6.10.2. Installing Kafka Replication

Installation of the Kafka replication requires special configuration of the master and slave hosts so that each is configured for the correct datasource type.

6.10.2.1. Installing Kafka Replication (Staging Method)

Configuration of the replication deployment to Kafka can be made using a single tpm staging-based deployment.

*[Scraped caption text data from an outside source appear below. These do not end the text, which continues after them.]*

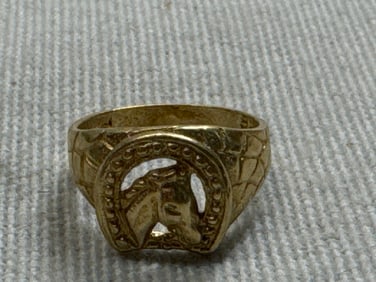 10K Gold Equestrian Ring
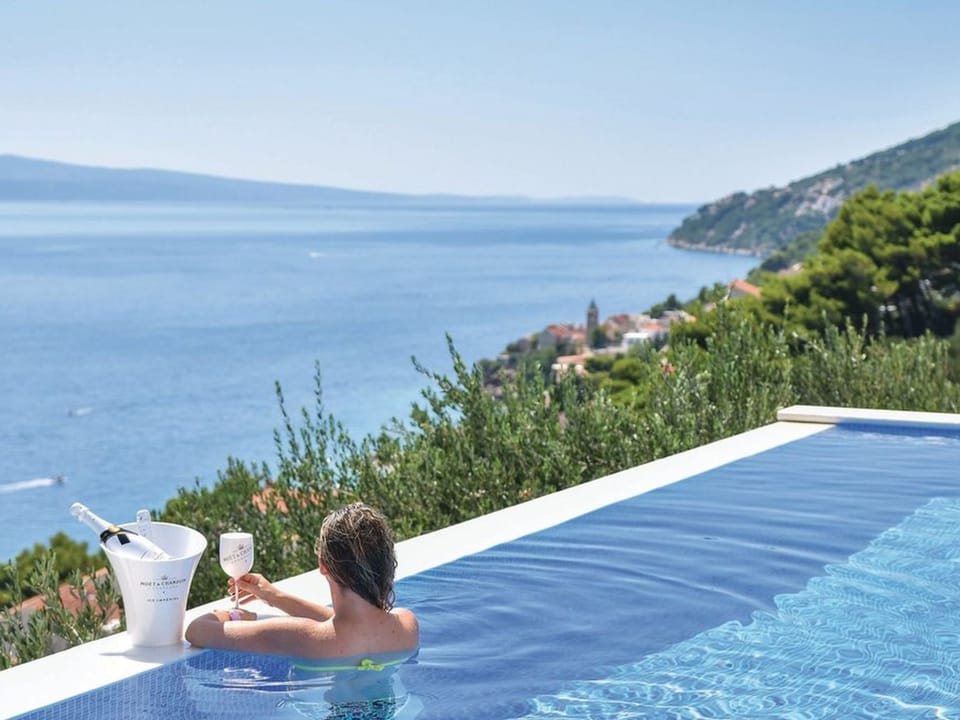 2 Schlafzimmer Villa Blue Dream mit Infinity-Pool Vacation rental in Split-Dalmatia County
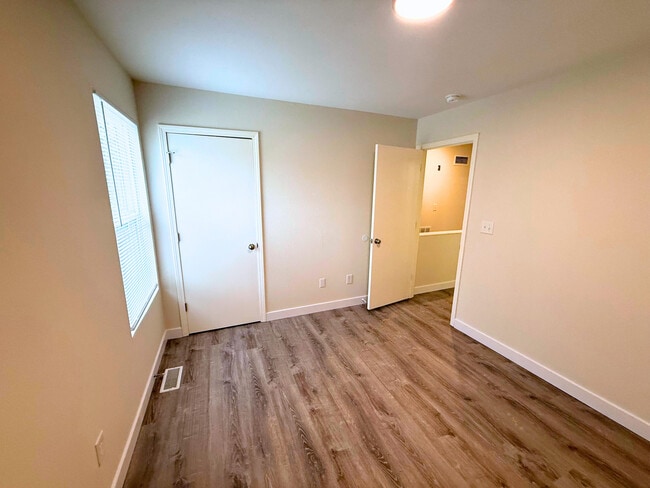 Building Photo - 1709 Hanover Blvd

However, because the configuration must be different for the master and slave hosts, the configuration must be performed in multiple steps.

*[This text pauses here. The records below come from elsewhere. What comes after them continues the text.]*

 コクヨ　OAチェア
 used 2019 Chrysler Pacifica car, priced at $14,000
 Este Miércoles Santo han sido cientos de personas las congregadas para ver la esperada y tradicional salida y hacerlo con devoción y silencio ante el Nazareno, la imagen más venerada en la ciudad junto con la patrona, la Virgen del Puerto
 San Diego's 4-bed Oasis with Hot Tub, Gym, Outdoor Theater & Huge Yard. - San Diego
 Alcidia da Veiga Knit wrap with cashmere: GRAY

  1. Unpack the Tungsten Replicator distribution in staging directory:

    shell> tar zxf tungsten-replicator-6.0.3-599.tar.gz
  2. Change into the staging directory:

    shell> cd tungsten-replicator-6.0.3-599

    Prepare the required filter configuration file as follows on the Kafka applier slave host(s) only:

    shell> mkdir -p /opt/replicator/share/
    shell> cp tungsten-replicator/support/filters-config/convertstringfrommysql.json /opt/replicator/share/
  3. Configure the default parameters for the replicator service:

    shell> ./tools/tpm configure defaults \
    	--install-directory=/opt/replicator \
    	--disable-relay-logs=true \
    	--mysql-allow-intensive-checks \
    	"--profile-script=~/.bash_profile" \
    	--skip-validation-check=HostsFileCheck \
    	--skip-validation-check=MySQLUnsupportedDataTypesCheck \
    	--start-and-report \
    	--user=tungsten
    

    The description of each of the options is shown below; click the icon to hide this detail:

    Click the icon to show a detailed description of each argument.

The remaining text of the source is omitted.